#1027: Sometimes Good Guys Don’t Wear White by The Standells
“Best known for their hit ‘Dirty Water,’ The Standells released a string of snotty, aggressive garage singles in the mid to late 1960s which are now rightly regarded as proto-punk classics. ‘Sometimes Good Guys Don’t Wear White,’ ‘Why Pick On Me,’ ‘Riot On Sunset Strip’ ~ the songs of The Standells have been covered by everyone from Bruce Springsteen, Aerosmith and U2 to Spacemen 3, Minor Threat and a million punk bands as well as many subsequent scene bands. ”
– Pat Long
Larry Tamblyn was born in 1943 and while he was still 16 years old had a recording contract and a single titled “Patty Ann” on the Top 40 in LA and San Bernardino. He released three singles in 1960-61, including a doo-wop ballad called “This Is The Night“. Tamblyn met Tony Valentino and the two decided to form a doo-wop group.
The group was formed in 1962 in Los Angeles by keyboardist and lead vocalist Larry Tamblyn and guitarist Tony Valentino. Larry created the name from “Standing” around booking agencies trying to get work. Originally the group was called the “Standels,” with only one “l”. However, in 1963 the spelling was changed to “Standells.” The name was also lengthened for awhile to Larry Tamblyn and the Standells, as noted in the Vernon Joynson book Fuzz Acid & Flowers. Their first recording, “You’ll be Mine Someday”/”Girl in My Heart”, was standard doo-wop. It was recorded in 1963 and released in 1964 on Faro Records. Later that year, their name was shortened to “Standells.” The Standells are considered by many to be the godfathers of punk rock.
In 1963 The Standells appeared in the Connie Francis movie Follow the Boys, where they played background music at party scenes. The brother of Standells lead vocalist and drummer, Larry Tamblyn, was Russ Tamblyn. Both brothers had roles in the film. The older brother, Russ, played the role of Riff, the leader of the Jets gang in the 1961 movie musical version of West Side Story.
The Standells were signed by Liberty Records and issued an album, The Standells In Person At P.J.’s, in 1964 (later re-released as The Standells Live and out of Sight). After having no success with Liberty they signed with Vee Jay in 1965 for two singles, one of which was produced by Sonny Bono of Sonny & Cher. Cher did backup vocals on one of their songs called “The Boy Next Door”.
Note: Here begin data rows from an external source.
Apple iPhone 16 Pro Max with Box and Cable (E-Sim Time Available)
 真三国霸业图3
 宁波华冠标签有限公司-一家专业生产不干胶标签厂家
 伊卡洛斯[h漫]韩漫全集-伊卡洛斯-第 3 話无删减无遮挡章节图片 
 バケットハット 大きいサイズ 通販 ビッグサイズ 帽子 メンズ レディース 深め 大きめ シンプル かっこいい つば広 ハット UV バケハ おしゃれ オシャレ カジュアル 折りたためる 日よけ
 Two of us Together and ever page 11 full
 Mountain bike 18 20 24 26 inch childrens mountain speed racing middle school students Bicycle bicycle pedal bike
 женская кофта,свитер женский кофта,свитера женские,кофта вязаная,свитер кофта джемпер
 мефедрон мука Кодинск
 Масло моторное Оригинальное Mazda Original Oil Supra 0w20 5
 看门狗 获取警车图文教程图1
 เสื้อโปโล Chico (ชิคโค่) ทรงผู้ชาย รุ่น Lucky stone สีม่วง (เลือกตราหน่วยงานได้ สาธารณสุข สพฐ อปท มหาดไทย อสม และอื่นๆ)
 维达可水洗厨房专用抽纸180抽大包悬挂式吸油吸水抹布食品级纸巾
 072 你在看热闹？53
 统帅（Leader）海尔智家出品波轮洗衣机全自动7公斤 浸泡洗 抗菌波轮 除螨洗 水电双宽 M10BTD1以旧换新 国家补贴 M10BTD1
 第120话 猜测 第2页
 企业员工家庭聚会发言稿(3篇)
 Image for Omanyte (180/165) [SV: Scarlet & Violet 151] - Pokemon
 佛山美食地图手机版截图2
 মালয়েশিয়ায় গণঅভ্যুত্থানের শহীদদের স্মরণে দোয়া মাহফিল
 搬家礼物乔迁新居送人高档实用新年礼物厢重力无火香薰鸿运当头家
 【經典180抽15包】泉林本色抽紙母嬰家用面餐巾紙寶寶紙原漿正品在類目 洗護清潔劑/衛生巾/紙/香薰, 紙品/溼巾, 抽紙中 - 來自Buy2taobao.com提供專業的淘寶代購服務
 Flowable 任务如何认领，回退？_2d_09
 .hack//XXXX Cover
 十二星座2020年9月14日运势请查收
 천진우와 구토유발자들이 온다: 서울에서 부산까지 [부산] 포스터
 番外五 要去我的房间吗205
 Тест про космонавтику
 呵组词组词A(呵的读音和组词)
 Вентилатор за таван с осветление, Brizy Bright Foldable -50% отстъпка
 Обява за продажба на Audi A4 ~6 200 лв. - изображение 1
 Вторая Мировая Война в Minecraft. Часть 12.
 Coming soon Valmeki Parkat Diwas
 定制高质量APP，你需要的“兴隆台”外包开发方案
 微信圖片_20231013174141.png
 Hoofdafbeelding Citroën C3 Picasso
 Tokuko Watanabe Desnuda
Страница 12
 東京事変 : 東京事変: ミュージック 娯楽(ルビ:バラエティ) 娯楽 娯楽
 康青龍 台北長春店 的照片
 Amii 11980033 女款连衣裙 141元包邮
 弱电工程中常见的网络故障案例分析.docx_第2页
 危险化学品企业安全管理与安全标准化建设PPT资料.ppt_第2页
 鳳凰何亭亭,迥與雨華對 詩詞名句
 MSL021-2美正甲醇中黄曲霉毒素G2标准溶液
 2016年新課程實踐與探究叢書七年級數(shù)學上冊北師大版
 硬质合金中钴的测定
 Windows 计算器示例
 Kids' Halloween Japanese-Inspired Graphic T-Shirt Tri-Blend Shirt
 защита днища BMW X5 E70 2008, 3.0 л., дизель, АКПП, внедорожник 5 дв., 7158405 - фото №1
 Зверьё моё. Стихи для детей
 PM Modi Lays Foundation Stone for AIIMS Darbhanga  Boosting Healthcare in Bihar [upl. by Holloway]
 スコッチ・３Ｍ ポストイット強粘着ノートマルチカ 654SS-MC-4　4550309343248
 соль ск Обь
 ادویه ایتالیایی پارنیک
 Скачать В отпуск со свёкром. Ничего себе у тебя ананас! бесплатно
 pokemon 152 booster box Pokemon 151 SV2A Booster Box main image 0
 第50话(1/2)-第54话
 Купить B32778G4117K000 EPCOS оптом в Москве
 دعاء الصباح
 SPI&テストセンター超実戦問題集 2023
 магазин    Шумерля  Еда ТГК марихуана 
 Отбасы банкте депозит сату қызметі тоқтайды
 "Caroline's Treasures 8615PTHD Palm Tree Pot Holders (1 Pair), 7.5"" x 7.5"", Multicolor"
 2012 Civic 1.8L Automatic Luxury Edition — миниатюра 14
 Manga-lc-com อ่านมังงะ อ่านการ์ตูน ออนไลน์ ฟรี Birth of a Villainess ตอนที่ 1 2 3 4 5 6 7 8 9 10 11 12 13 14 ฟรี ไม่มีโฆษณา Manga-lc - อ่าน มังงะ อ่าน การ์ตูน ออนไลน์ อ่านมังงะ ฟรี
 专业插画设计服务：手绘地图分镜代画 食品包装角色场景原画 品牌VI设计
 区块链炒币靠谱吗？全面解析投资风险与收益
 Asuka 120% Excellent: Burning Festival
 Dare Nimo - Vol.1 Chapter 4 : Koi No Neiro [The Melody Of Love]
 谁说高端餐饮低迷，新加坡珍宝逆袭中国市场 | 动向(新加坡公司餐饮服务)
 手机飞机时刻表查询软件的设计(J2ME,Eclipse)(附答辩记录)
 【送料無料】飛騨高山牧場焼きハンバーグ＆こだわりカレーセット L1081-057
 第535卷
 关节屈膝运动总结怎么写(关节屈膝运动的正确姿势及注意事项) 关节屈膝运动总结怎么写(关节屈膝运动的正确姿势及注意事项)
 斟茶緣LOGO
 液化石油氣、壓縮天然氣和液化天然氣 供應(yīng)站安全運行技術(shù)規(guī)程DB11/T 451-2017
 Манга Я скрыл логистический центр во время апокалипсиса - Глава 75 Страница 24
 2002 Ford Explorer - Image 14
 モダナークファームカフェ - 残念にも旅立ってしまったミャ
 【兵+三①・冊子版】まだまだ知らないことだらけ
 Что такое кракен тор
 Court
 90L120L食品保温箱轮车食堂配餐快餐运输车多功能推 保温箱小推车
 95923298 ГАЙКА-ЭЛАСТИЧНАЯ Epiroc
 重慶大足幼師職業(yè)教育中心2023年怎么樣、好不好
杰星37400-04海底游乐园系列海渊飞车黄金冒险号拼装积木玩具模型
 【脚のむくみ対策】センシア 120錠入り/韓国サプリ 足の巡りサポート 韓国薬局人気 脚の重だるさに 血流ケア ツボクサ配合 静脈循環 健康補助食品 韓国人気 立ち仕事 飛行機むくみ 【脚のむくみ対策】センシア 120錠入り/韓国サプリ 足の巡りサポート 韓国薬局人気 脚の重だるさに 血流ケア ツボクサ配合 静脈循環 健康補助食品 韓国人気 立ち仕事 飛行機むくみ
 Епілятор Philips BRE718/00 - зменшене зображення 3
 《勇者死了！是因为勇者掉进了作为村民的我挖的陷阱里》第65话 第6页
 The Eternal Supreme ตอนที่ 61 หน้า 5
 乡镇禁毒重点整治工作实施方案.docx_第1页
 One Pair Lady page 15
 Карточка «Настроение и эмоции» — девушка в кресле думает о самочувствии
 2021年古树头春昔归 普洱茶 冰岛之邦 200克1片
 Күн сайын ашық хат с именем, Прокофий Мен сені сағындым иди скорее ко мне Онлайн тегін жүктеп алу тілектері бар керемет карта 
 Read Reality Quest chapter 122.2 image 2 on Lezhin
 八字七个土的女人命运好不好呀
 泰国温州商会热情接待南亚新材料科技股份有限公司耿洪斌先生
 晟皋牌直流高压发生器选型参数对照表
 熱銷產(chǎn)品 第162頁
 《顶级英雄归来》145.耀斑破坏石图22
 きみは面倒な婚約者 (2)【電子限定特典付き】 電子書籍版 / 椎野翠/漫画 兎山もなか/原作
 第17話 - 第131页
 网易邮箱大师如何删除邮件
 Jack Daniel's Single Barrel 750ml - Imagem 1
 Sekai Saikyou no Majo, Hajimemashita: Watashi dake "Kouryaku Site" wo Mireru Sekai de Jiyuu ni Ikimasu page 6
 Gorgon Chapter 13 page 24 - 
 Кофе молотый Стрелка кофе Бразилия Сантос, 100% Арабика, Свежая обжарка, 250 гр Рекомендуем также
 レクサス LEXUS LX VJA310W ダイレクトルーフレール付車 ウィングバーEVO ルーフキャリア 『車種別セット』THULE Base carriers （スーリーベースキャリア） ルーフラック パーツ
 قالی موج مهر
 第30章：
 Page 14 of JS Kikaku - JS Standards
On March 18, 1965, The Standells guest starred as themselves in an episode of the The Munsters, “Far Out Munster.” In the episode they performed “Come On and Ringo” and a cover of The Beatles hit, “I Want to Hold Your Hand”. That same year The Standells appeared in the movie, Get Yourself a College Girl. This beach party movie featured other artists including The Animals, Nancy Sinatra, The Dave Clark Five, Donnie Brooks and Stan Getz. In the movie The Standells performed cover versions of “The Swim” and “Bonnie Maronie.”
The group began 1965 with a January 18 appearance in The Bing Crosby Show episode “Bugged By the Love Bugs”, playing the fictional band, the “Love Bugs”. They appeared as a nightclub band in the “Three L’il Lambs” episode of Ben Casey on March 29, 1965. They also sang the title song for the children’s movie, Zebra in the Kitchen.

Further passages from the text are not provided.